Toutefois, il ne fait aucun doute que la principale motivation du président Macron est économique et la préservation des intérêts de la France.
Sur le dossier libanais, la France fait la distinction nette entre « le Hezbollah politique » et sa « branche militaire ». Elle ne pense pas qu’il soit possible de désarmer le Hezbollah car les chiites font partie d’un gouvernement multiconfessionnel. Paris s’inquiète de l’instabilité et de la crise économique au Liban et de l’effondrement de son système bancaire. La France s’efforce d’empêcher une nouvelle guerre civile dans le pays du Cèdre. Cette préoccupation concerne non seulement l’avenir du Liban, mais également le fait qu’une guerre civile entraînerait un nouvel afflux massif de centaines de milliers d’immigrés sur le territoire français.
Enfin, nous devrions reconnaître que durant le premier mandat d’Emanuel Macron les relations bilatérales se sont améliorées dans tous les domaines et elles demeurent au beau fixe. Contrairement à ses prédécesseurs, Macron n’a pas provoqué de crise inutile entre Jérusalem et Paris.

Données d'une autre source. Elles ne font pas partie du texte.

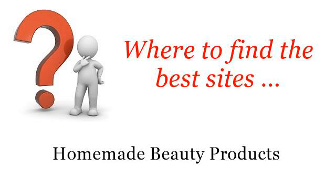Where to find the best sites for homemade beauty products. The best internet resources about Body Mist Recipe — these are the best resources we could find on the web.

Nous espérons que le président français poursuivra cette politique amicale et continuera à lutter contre la délégitimation et tous les boycottages, notamment contre le BDS.
Nous souhaitons toujours un changement positif de la part de la France concernant le conflit avec les Palestiniens et sur la menace iranienne. Nous lui demandons aussi de faire des gestes concrets et légitimes comme une reconnaissance de Jérusalem et des frontières défendables pour l’Etat Juif.